After being spun off from Gnosis, the Safe community is now faced with the proposed distribution of 50 million SAFE tokens. This will result in the successful launch of its independent SafeDAO to govern the Gnosis Safe ecosystem.
Gnosis Safe’s multi-signature wallet is powered by smart contracts. To execute transactions, a multi-signature or multisig wallet requires the signatures of more than one person.
According to the current proposal, the goals of the reward airdrop include decentralizing SAFE governance, rewarding active users with more tokens than less active users, raising awareness of Safe and SafeDAO, and making it a community-driven project.
Safe made available a spreadsheet containing over 45,000 eligible Ethereum addresses. Safe users who created their address before the February 9, 2022, proposal to launch the SafeDAO are eligible for the airdrop.
This is the cut-off date because, on this day, the spin-off proposal was moved to phase 2 of the GnosisDAO governance process in order to “prevent users from gaming the allocation and rather reward real users instead of airdrop hunters.”
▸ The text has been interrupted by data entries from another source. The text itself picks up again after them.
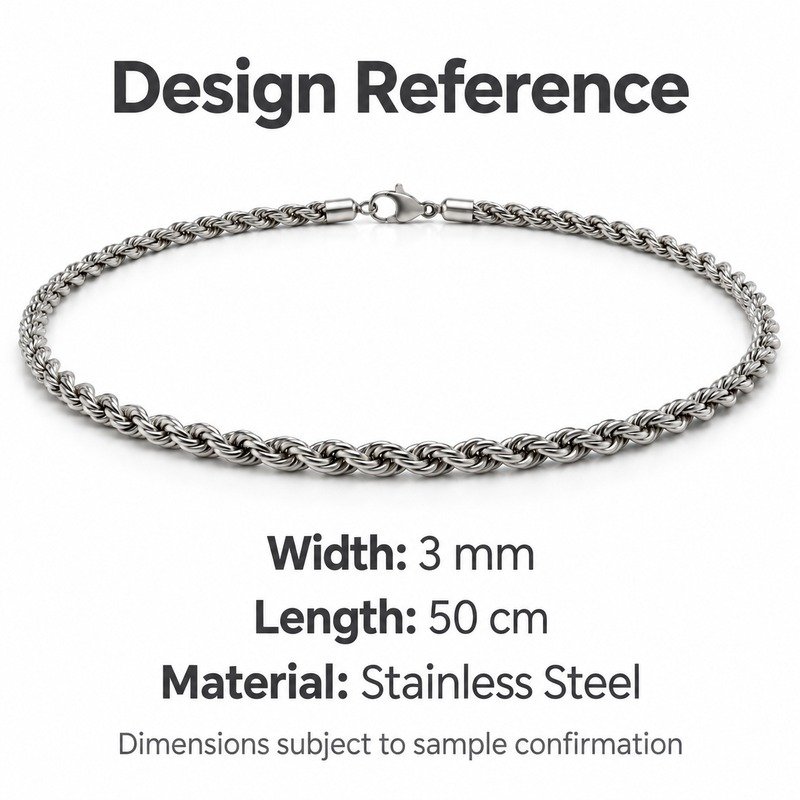 mens silver Stainless Steel 3mm rope chain necklace, design reference dimensions and material specifications
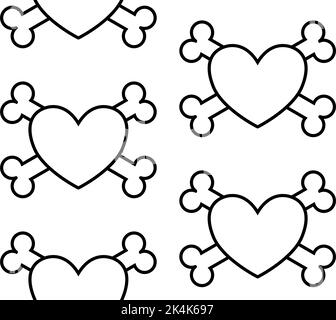 Vector flat heart and crossed bones isolated on white background Stock ...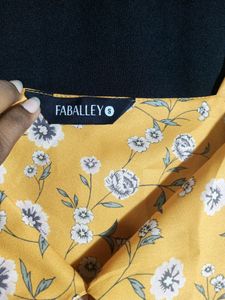Faballey Yellow Floral Printed Western Top(women&#39;s)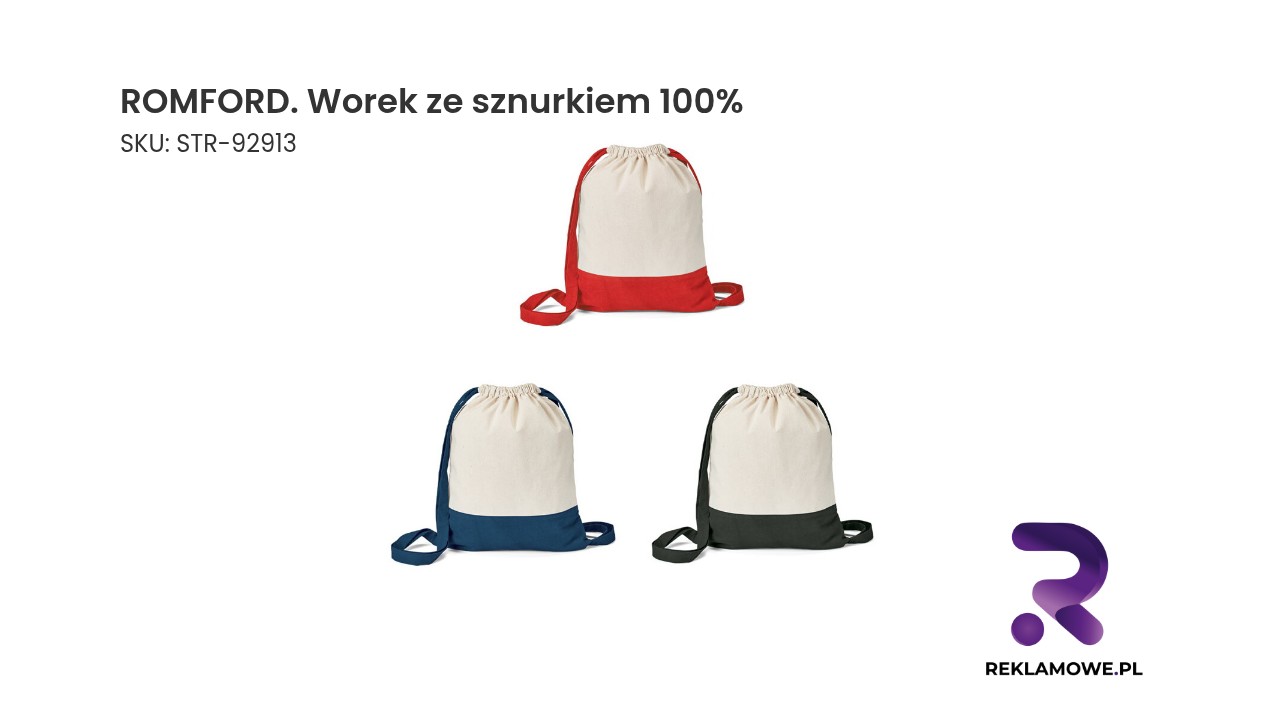 ROMFORD. Worek ze sznurkiem, 100% bawełna (180 g/m²) ROMFORD worek ze sznurkiem 100% bawełna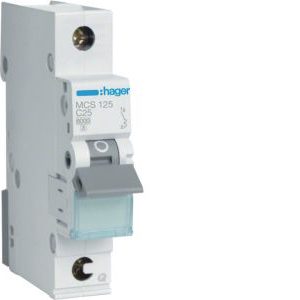 Wyłącznik nadprądowy 6kA 1P C 25A QuickConnect, MCB | MCS125 Hager Wyłącznik nadprądowy 6kA 1P C 25A QuickConnect, MCB | MCS125 Hager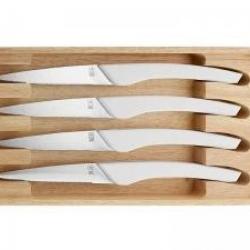 Coffret 4 couteaux steak TB AUGUSTE 22,5cm lame dentée pleine soie acier inox mat manche ABS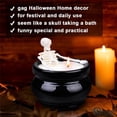 thumbnail image 4 of Halloween Skeleton Candle Holders Set, Gothic Soy Wax Candles In Cauldron Cups For Halloween Party Decor, Haunted House Table Centerpiece,Medium,black, 4 of 6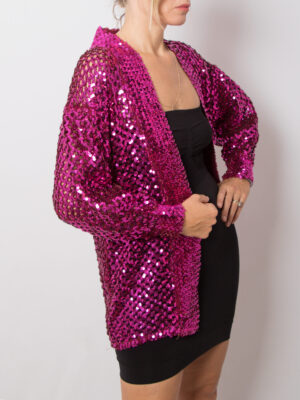Vintage Magenta Sequin Cardigan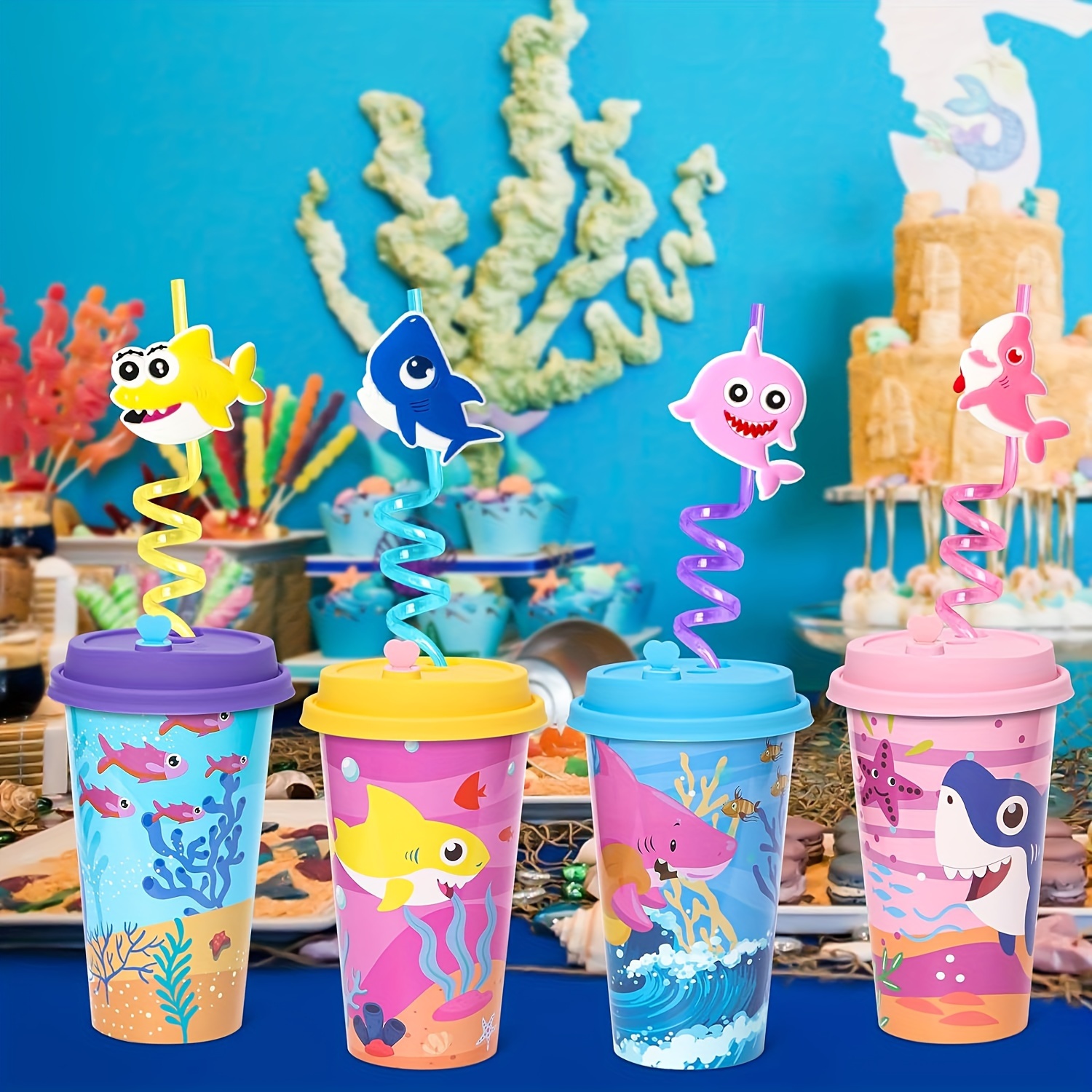 

4pcs Cups, Birthday Party Cups In , 16oz Plastic Themed Reusable Party Supplies Decorations Cups With Plugs (straws Not Included)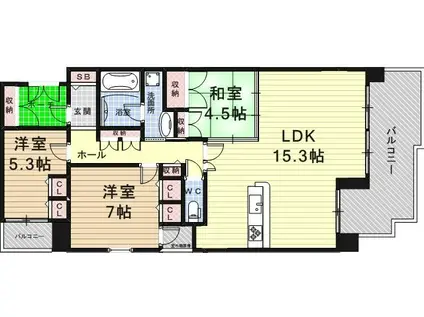 エスリード尼崎昭和通(3LDK/8階)の間取り写真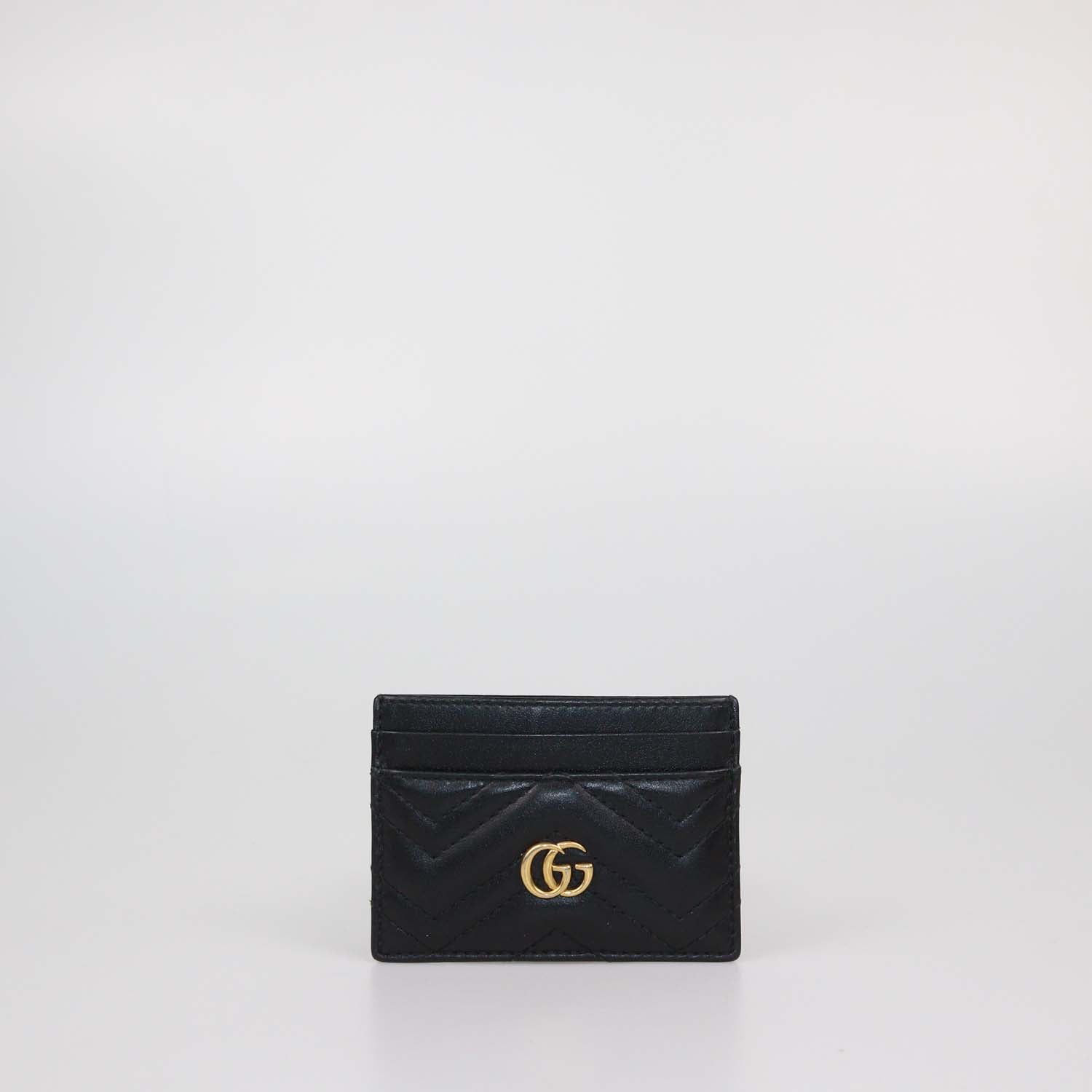 Gucci Black Matelasse Leather GG Marmont Card Holder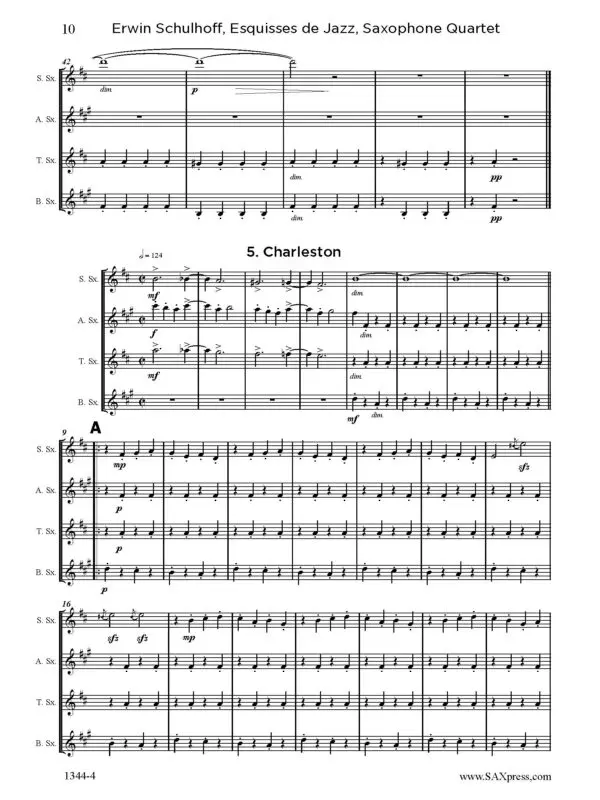 1344-4 Schulhoff Six Jazz Scenes_Page_13 Esquisses de Jazz | Sax Quartet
“[The February proposal] presented plans of launching a SAFE token. 5% of the total supply is allocated to reward users for their past contributions and usage. Of those 5%, half will be available immediately and the remaining half will be vesting linearly over 4 years.
Last month, the digital asset management platform Gnosis rebranded as Safe and secured a $100 million funding round led by 1kx.
Users can use Gnosis Safe to securely store Ethereum and ERC20 tokens and interact with dApps. The total amount of ETH stored in Gnosis Safe contracts is nearly 1.6 million, which is the starting point for calculating the value stored per Safe.
According to the Safe proposal, the SafeDAO will send at least 400 SAFE tokens to 21,935 addresses. Initially, Safe governance will take place on the Ethereum mainnet.